Exercise data
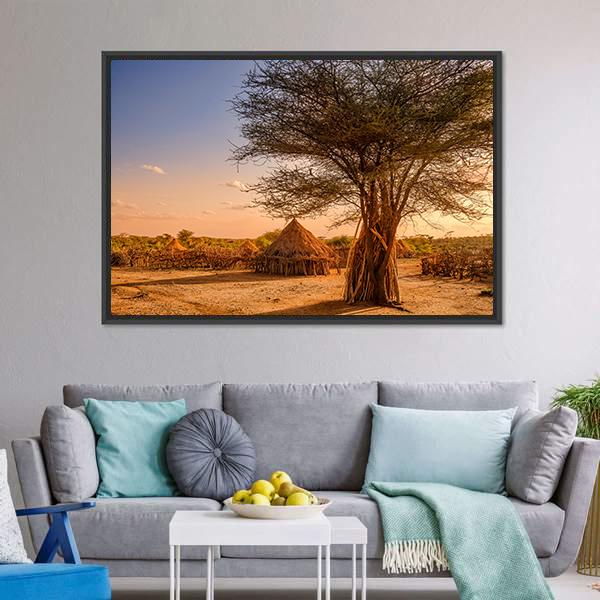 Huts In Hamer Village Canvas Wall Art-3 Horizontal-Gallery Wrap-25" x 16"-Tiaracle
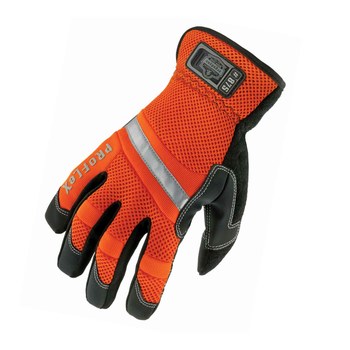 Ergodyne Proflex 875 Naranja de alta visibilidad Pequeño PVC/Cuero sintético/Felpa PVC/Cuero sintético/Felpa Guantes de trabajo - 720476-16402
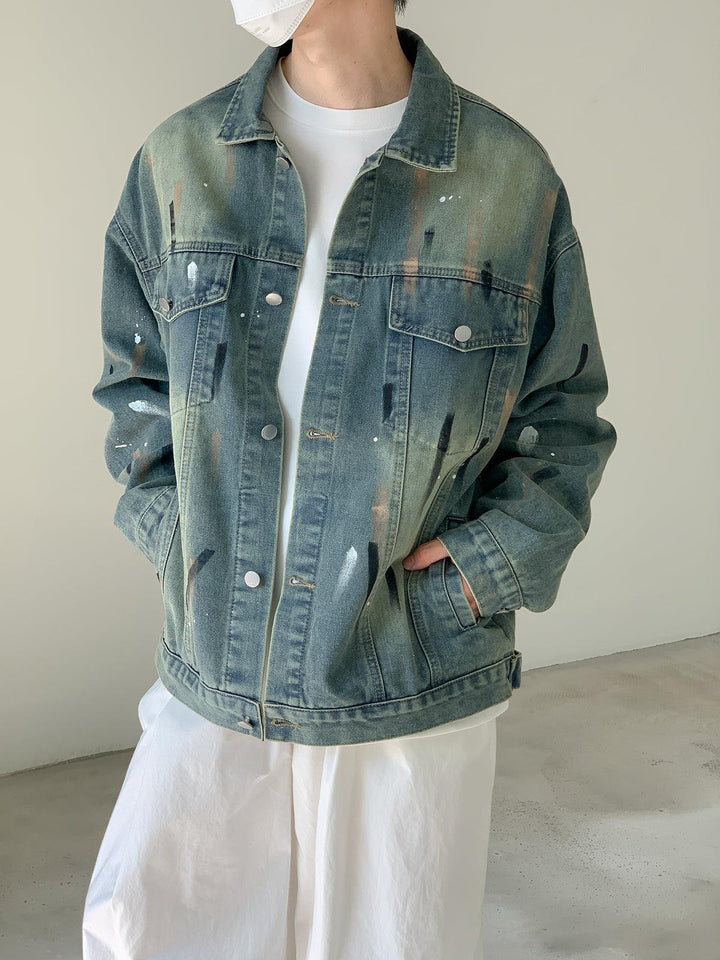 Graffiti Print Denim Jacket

==

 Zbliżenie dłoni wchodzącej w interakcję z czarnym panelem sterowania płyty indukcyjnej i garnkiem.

* * *

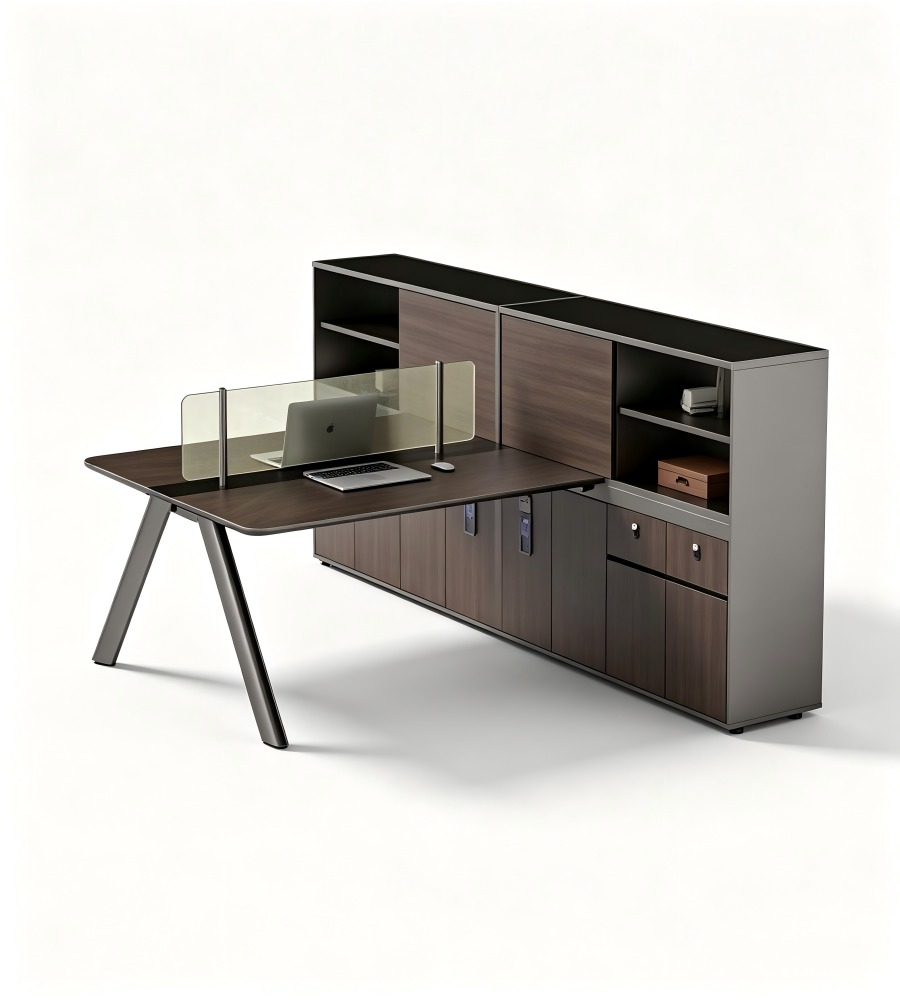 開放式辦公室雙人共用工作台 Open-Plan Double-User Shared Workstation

Task
Above are the records; please give again, exactly and in full, only the lines that run from the line with "Huts In Hamer" through the line with "Graffiti Print Denim Jacket", with no pictures.

Task solution
 Huts In Hamer Village Canvas Wall Art-3 Horizontal-Gallery Wrap-25" x 16"-Tiaracle
 Ergodyne Proflex 875 Naranja de alta visibilidad Pequeño PVC/Cuero sintético/Felpa PVC/Cuero sintético/Felpa Guantes de trabajo - 720476-16402
 Graffiti Print Denim Jacket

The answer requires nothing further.